How to Detect Deer Movement
Day 1: Understanding Deer
There are two methods of bagging a buck. One is luck, which is a factor that a majority of hunters in many areas depend on solely. The other way of taking a buck requires experience – knowing the deer, his movement patterns, his behavior patterns and what causes him to move from one place to the other. Being able to predict deer movement is the stock in trade of the hunter who bags a buck year after year. Very little guesswork is involved in this type of hunting. The sportsman takes a set of given facts, studies the terrain, the available food, the deer's mating habits and the weather in his region, correlates them with deer signs he finds in his area and comes-up with a hunt plan that logically should put him in a position to see and hopefully bag a deer on any given day he hunts.
Actually the hunter's mind is the ultimate weapon. Like an onboard computer, an outdoorsman feeds-in data, the information is processed between his ears, and the answer of where the buck should show up on any given day is fed out and put into the outgoing box of his intellect. Let's look at the factors that are fed into a knowledgeable hunter's brain and see how he comes up with hunt plans that consistently pay-off in buck sightings.
To be a consistently, successful deer hunter, you must adopt a philosophy which dictates that scouting is far more important and critical to hunter success than shooting. The effective hunter will spend 80 percent of his time in the woods scouting and trying to determine where and when a deer should show up and only 20 percent of his time in an attempt to take a deer. Less-knowledgeable hunters will spend 80 percent of their time wandering around in the woods or sitting on a tree stand, because they find a few deer tracks or some droppings. Then these same men only will spend 20 percent of their time trying to predict where the deer will show up. But as a hunter once told me, "The most- important deer tracks to the hunter are the ones the deer is standing in when the hunter is ready to shoot."

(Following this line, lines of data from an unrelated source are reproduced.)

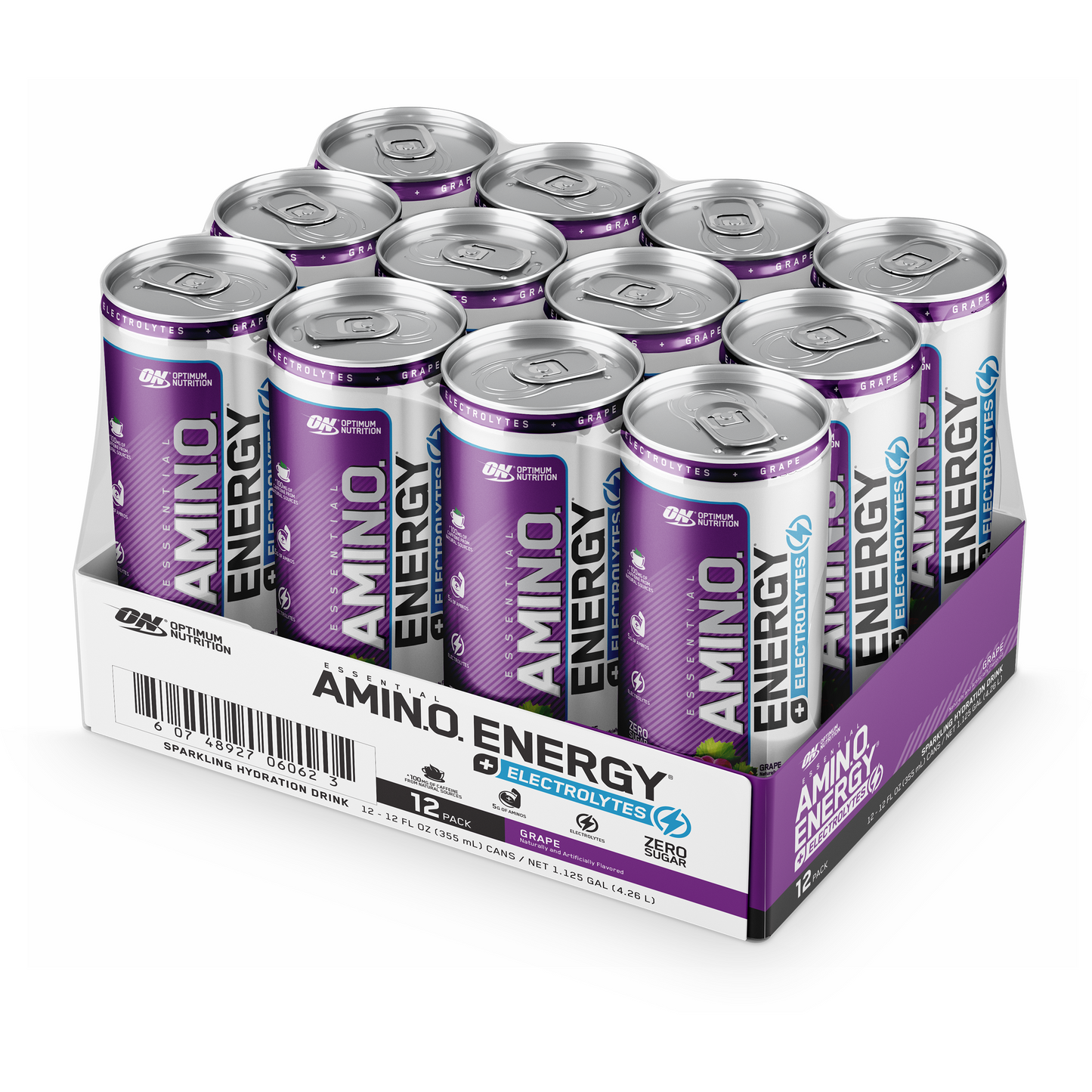 ON Sparkling Amino Energy RTD 12pk - Gym Freak Supplements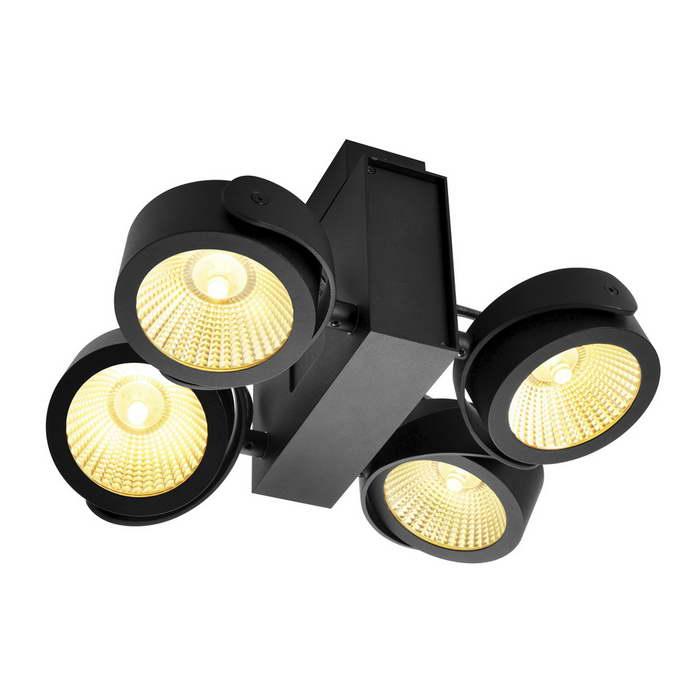 <strong>SLV</strong> 1001425 TEC KALU 4 LED светильник накладной 60Вт с LED 3000К, 3800лм, 4х 60°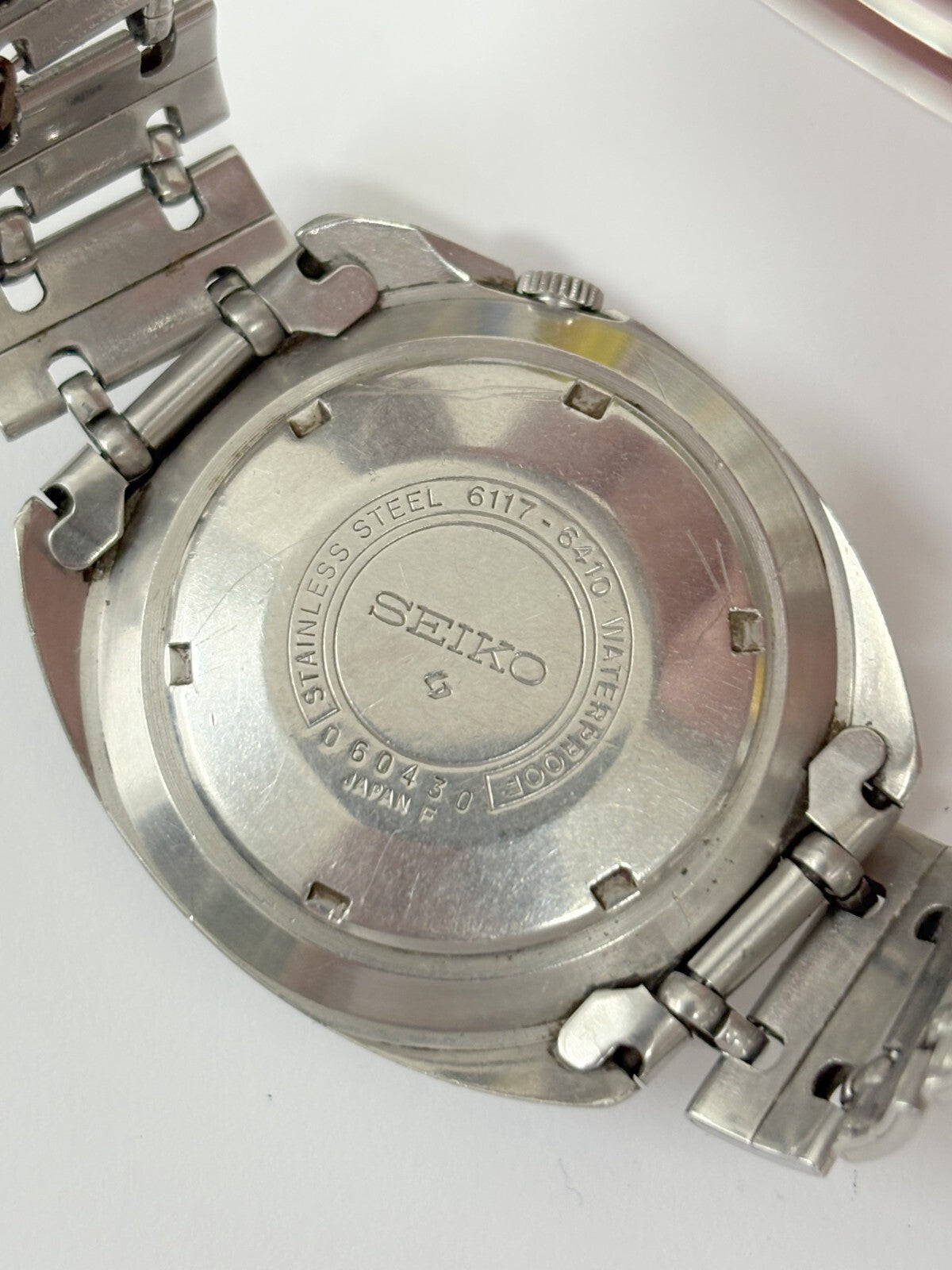 seiko 6117-6410 navigator timer watch
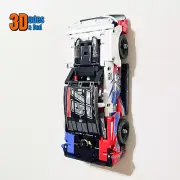 Wall Bracket for LEGO Technic NASCAR Next Gen Chevrolet Camaro ZL1 (set 42153)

In most areas of the country, you will find several consistent hunters who seem to always bag their bucks within the first 2 hours of the opening day of deer season. Although luck plays a role in their success, if you question them closely, you will find out that before the season opens they have spent days and weeks studying their deer, picking their stand sites and paying close attention to the details that result in their taking bucks. But there are no shortcuts. To regularly take deer year after year, you have to spend more time scouting than you do trying to shoot a deer. Three times of the year are the most productive for scouting - before the season, during the season and at the end of the season.